Tspoons Cooking School 
Pointe Viven - Jesse Bluma. All rights reserved.

I recently attended a cooking class at Tspoons in San Juan Capistrano.  Prior to that many people told me it was a great experience, so I was finally glad to make it.  A cooking class at Tspoons is good for those with little food knowledge and fun for those that are more advanced.  A great idea for friends, dates, or family.  One tip:  Check with others that you are going with for food allergies, then let Tspoons know to make substitutions in their prep work.  Also, a good idea to bring a bottle of wine for you and your party to share.  

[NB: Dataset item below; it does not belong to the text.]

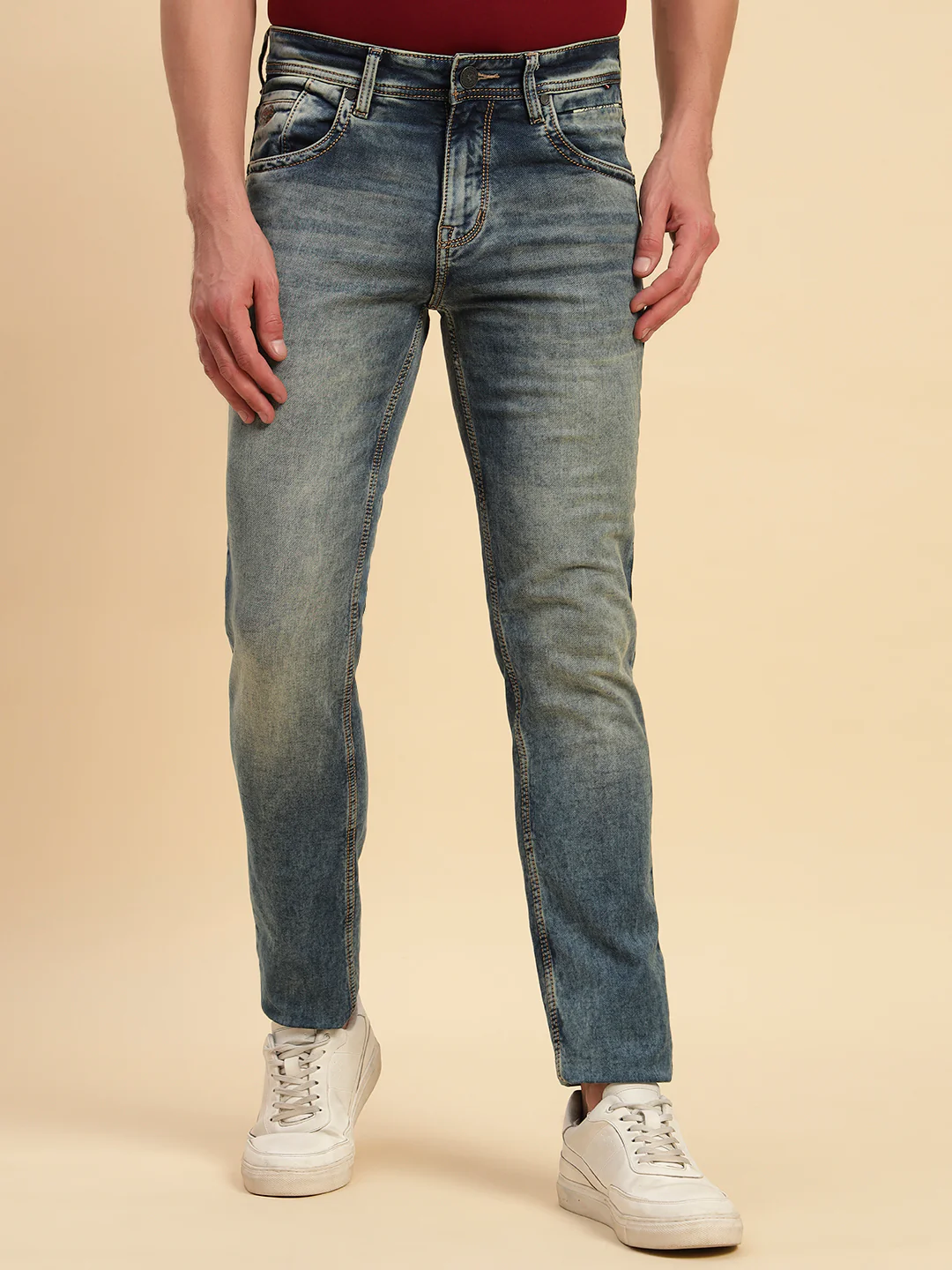 Denim Jeans for Men l Breathable & Soft with Color Fastness Ultra Narrow Fit Cotton Fabric Solid Pattern Button Closure - Image 5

The night I attended was Italian cuisine.

Green Pea Ravioli in Lemon Broth
Chicken Marsala
Butternut Squash Risotto with Shaved Parmesan

“Tspoons is a unique cooking school that specializes in hands-on cooking classes, as well as, customized cooking parties and team builders. At Tspoons, students apply essential skills and techniques taught in class and receive hands-on instruction from our Chef Instructors. A variety of daily cooking classes, featured guest Chefs, technique classes and skills workshops are offered for adults, teens, and children.  Chef Thanitra “T” Pichedvanichok was born in Bangkok, Thailand and immigrated to the U.S. at the age of 5 with her Thai mother and Vietnamese father. Chef T’s parents lived and traveled extensively around the world and exposed her to world cuisines that later played a significant role in her life. At an early age, Chef T found that she had a passion for food and a talent for cooking.  In 2008, she opened the doors to Tspoons, a unique cooking school where food enthusiasts and aspiring teen chefs receive hands-on instruction and learn to cook in a professional, fun and relaxed setting. Chef T currently shares her culinary talents at Tspoons in addition to teaching at various venues. She continues to pursue her love for travel, international cuisines, and culture and embarks on a new adventure each year.”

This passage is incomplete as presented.